Data items:
■ ■ ■
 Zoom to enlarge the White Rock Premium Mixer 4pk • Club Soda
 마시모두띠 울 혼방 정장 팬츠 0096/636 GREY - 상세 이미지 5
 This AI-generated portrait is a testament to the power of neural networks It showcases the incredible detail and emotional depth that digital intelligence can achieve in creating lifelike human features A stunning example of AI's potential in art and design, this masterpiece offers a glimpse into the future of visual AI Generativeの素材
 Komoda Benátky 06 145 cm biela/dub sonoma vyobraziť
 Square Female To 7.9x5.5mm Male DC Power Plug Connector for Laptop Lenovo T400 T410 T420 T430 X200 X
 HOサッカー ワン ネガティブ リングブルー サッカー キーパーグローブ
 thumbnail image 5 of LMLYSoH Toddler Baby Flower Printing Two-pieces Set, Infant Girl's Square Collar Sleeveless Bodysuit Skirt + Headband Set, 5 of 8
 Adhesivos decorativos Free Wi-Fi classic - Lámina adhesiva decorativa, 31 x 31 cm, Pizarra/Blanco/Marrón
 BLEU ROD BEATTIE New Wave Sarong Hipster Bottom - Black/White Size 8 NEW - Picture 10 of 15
■ ■ ■
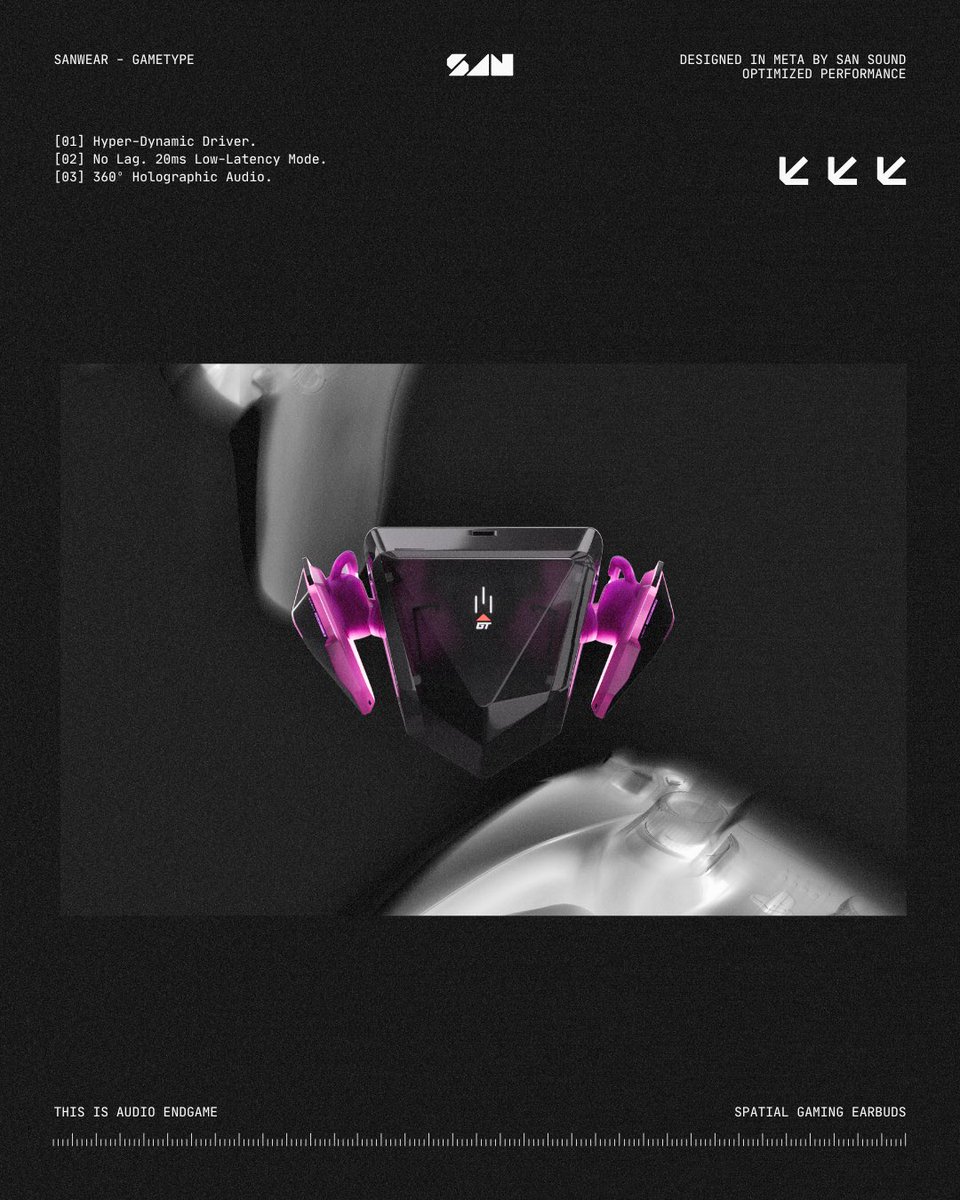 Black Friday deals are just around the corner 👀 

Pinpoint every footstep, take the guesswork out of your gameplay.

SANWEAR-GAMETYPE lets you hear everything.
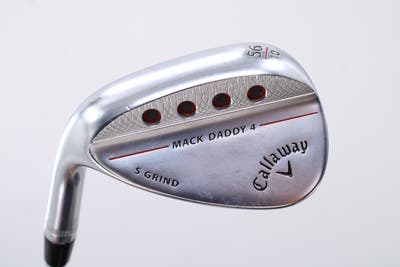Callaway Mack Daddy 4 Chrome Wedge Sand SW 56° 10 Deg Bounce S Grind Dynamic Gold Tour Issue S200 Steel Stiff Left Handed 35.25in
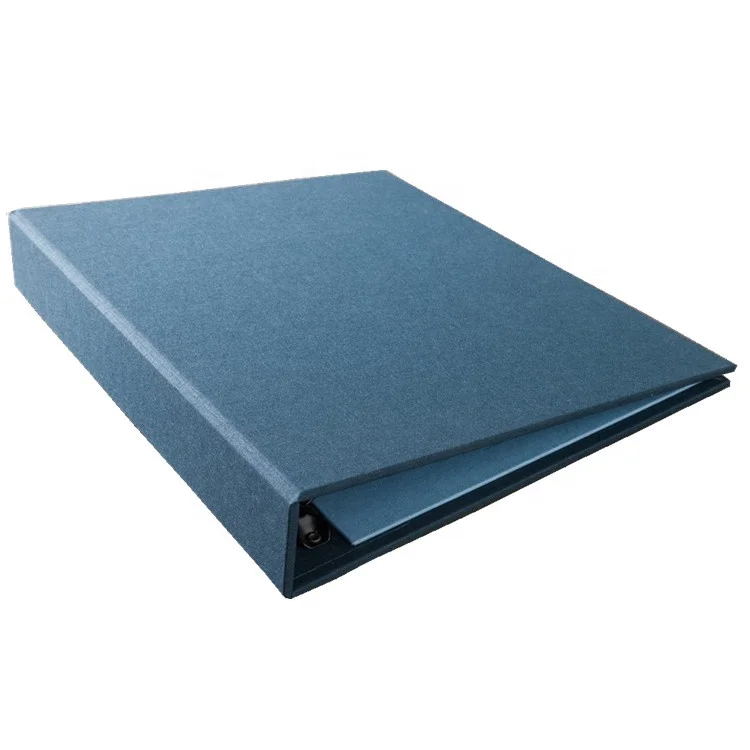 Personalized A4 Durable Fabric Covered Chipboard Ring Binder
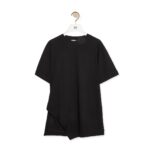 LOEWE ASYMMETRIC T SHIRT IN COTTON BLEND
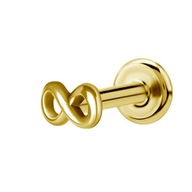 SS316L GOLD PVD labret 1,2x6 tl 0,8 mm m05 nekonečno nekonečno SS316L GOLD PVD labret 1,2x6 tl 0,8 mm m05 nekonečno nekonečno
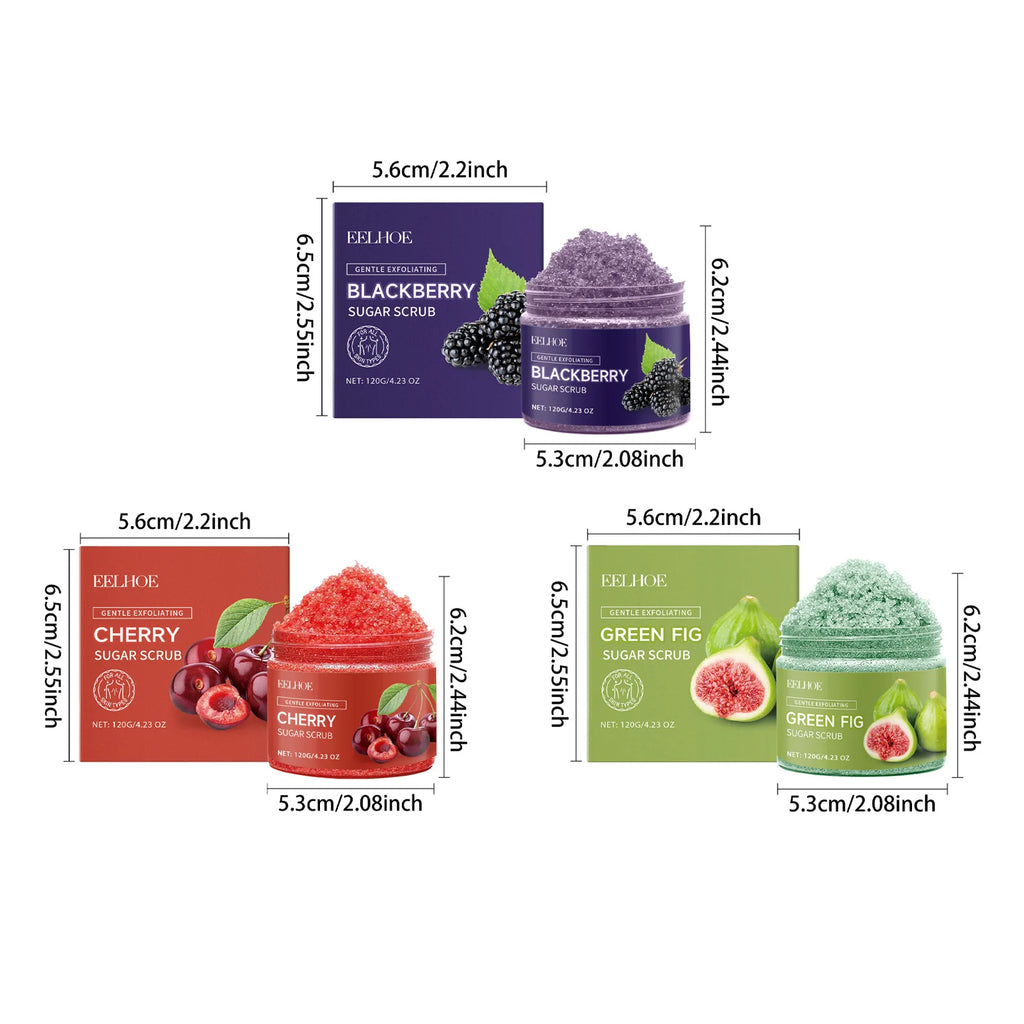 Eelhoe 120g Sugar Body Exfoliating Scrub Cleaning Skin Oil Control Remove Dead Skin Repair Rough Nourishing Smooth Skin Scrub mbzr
■ ■ ■
● **What the exercise asks**: In the lines above, find the word "Square" and copy each line that contains it.

● **Answer to the problem**:
 Square Female To 7.9x5.5mm Male DC Power Plug Connector for Laptop Lenovo T400 T410 T420 T430 X200 X
 thumbnail image 5 of LMLYSoH Toddler Baby Flower Printing Two-pieces Set, Infant Girl's Square Collar Sleeveless Bodysuit Skirt + Headband Set, 5 of 8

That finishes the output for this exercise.